I can go to January here and see how it looked back then. The old version of the site. So, yeah. This is it. Before the migration. It’s January, right? So, it looked like this. So, we can see and we can compare other pages versus their new versions, and actually compare and see how they used to look in the past and how they look now. Yeah. Again, take configuration, content relevance, how meaningful is the content? Also, the gap between the old location versus the new one, especially if it is a cross domain type of migration. Because again, this plays an important role, especially with very competitive domains. Start getting very competitive.

Queries. So for example, this old website. Take a look at the amount of linking domains that it had. A number of linking domains, the number of Backlinks. The influence, the popularity based off this old domain. We’ll look at the new one. Again, it’s also pretty good. There’s not an important gap. But, I’m pretty sure that there should be some important former links that are still pointing to the old location, especially if it is a very very old one, if it has a domain that has a really good popularity that has been here for a long time. We can see how it was already there five years ago.

So, it is important to understand that if there’s a gap; and important link popularity gap between the former domain and the new one. Maybe that is even the reason of why it is not performing as well for top queries. Because, the new domain, the new destination is not still as popular as the old one. And then, if that’s the reason. And of course, there is no way. It has already happened, right? Is to better understand which are those top links that were pointing to the old domain, to the old location. Old URLs, and how you can reclaim them. How you can claim them; how you can recover these links so they can go to a new location, especially if you identify that they are going to pages that are not those that have been correctly redirected.

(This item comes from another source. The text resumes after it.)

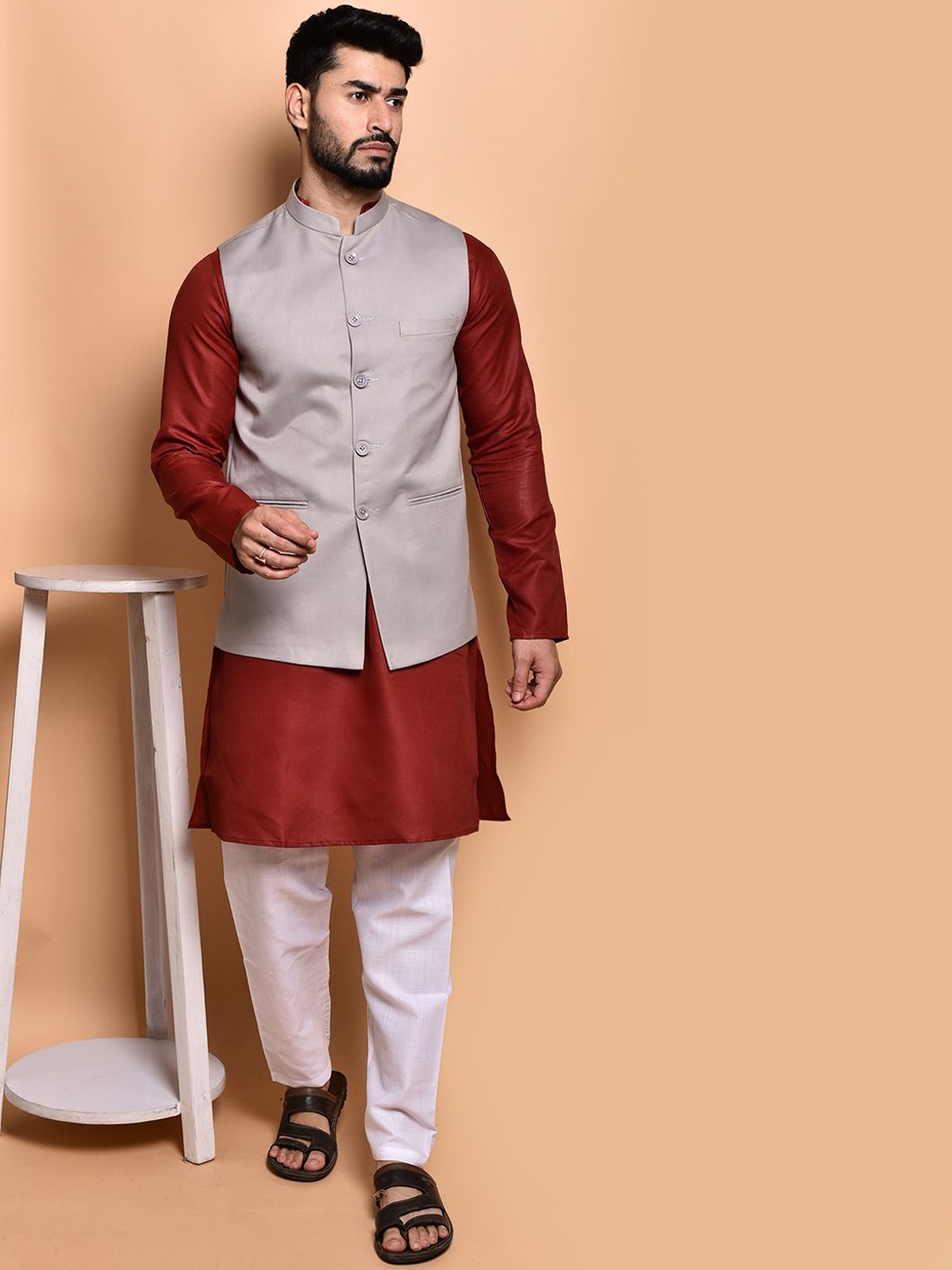 

PRINTCULTR Men Regular Pure Cotton Kurta with Trousers, Maroon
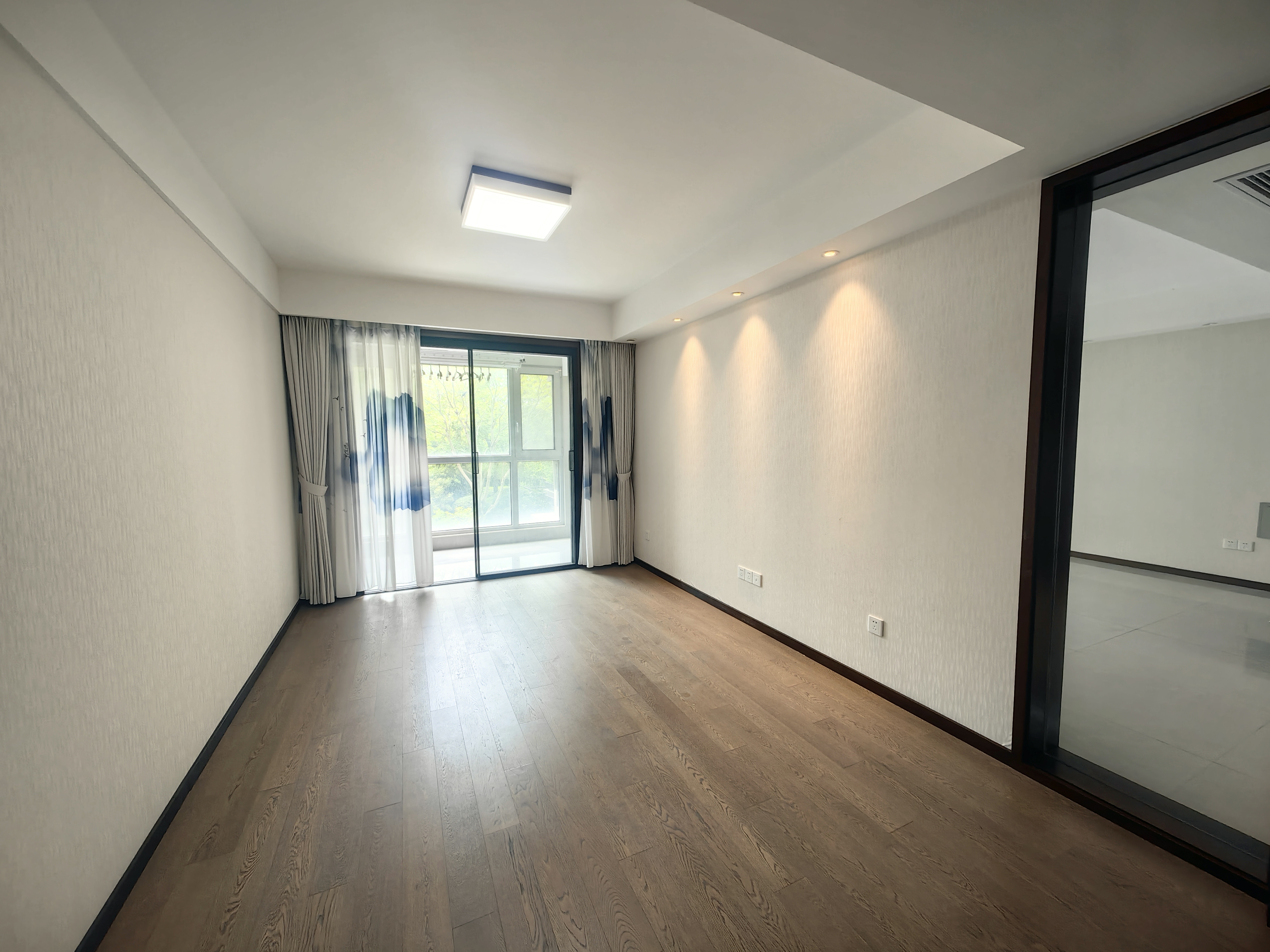城市嘉苑 4室2厅2卫 204.00m&sup2;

Of course, the first step should be to fix the redirect if you can, and make sure that the new location is as relevant and [inaudible 00:18:22]. If somehow, you cannot do it, or somehow, still like that, you cannot recover as much, the next step should be, of course, to try to reclaim and recover the popularity that was lost. Hopefully by doing all this, we’ll be be able to recover those lost rankings, that lost visibility, traffic, and being able to fix. I will say that by doing this, we’ll be able to do much better job to recover, to fix, what wasn’t correctly done right from the beginning, which should have been the ideal scenario, of course. I hope that this was handy to you.

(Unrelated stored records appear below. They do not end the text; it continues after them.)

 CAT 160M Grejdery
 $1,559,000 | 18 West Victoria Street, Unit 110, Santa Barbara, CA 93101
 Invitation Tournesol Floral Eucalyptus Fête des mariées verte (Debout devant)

Ideally, after this, I will say that it is the right time to set SEO alerts, in case they haven’t been implemented before, right? To understand when the pages changes, when the pages are migrated. Your redirects are placed. Nobody can tell, oh, I wasn’t alerted about it. Did you know it’s so? So, there’s actually a Crawling Mondays. This was the second Crawling Monday that I did. Or, the first one, even. Anyway. There is a previous episode of Crawling Monday that you can see here about that specific topic. To be alerted with [inaudible 00:19:48] when anything on the website changes, including when a migration happens without even being alerted of it, right? [inaudible 00:20:00], a couple of tools that you should definitely check out. Check out the video.

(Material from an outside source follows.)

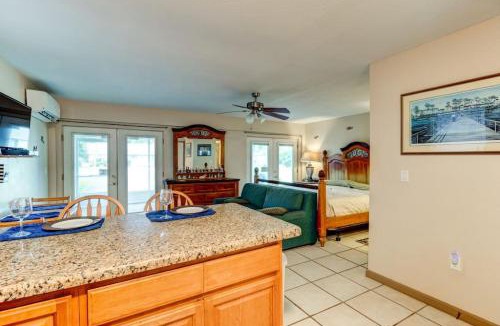 Kingston House | Good Old Days Cottage King Bed Pet Friendly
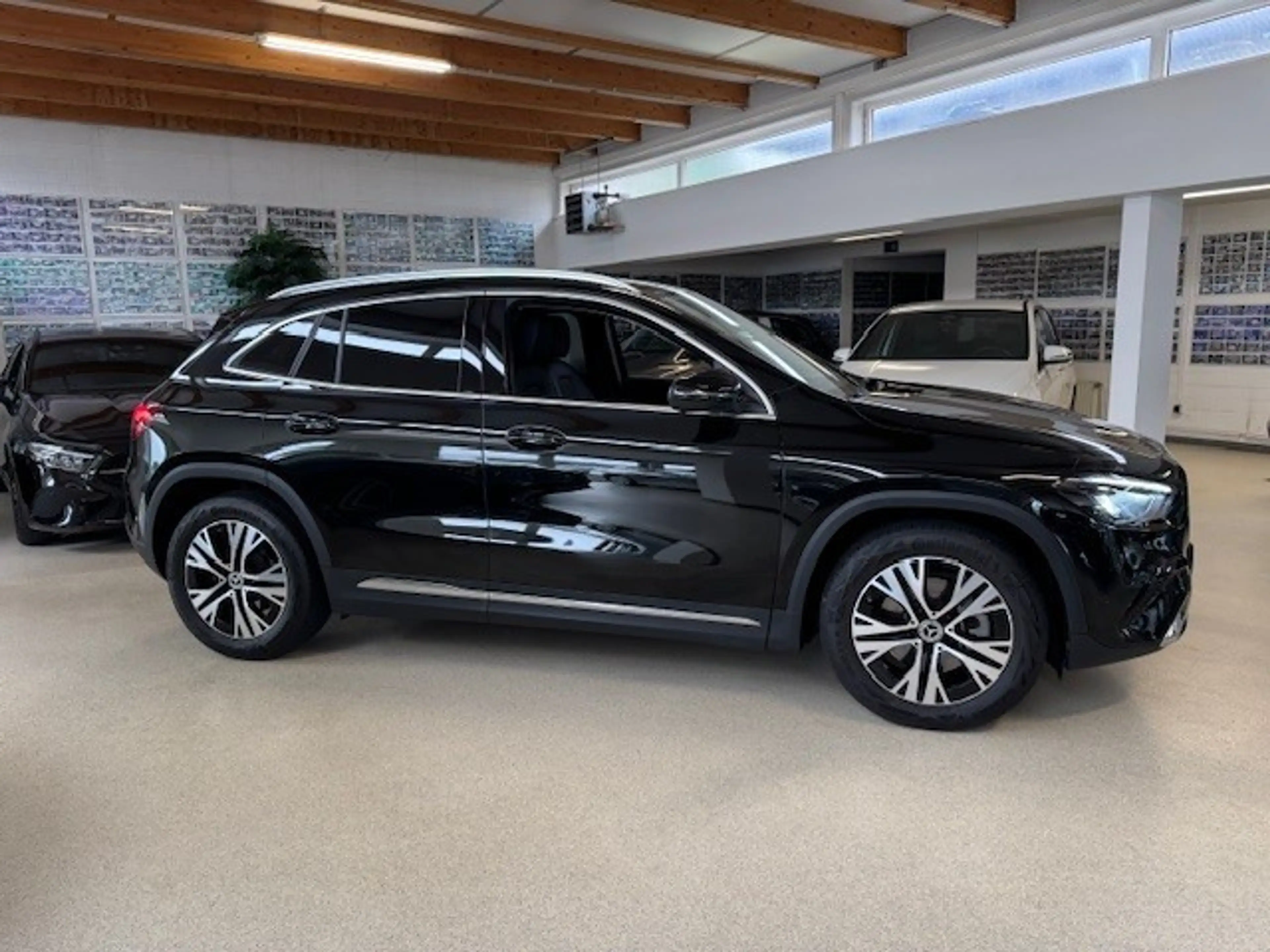 Mercedes-Benz GLA 220 Matic+Modelljahr2026+AHK+DISTRONIC+NSW+Winter-Pake — photo 5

Thank you very much for being here, for watching this, and I hope that you have enjoyed it. Look for my presentation about this topic. But, of course, not only about this specific scenario, but from a broader perspective of complex migrations from and SEO perspective, and how to win them. How to take the opportunity to make the most out of them, to improve actually. Your organic search rankings and traffic. Looking forward to share again with you in the next Crawling Mondays! Thank you very much. Bye bye.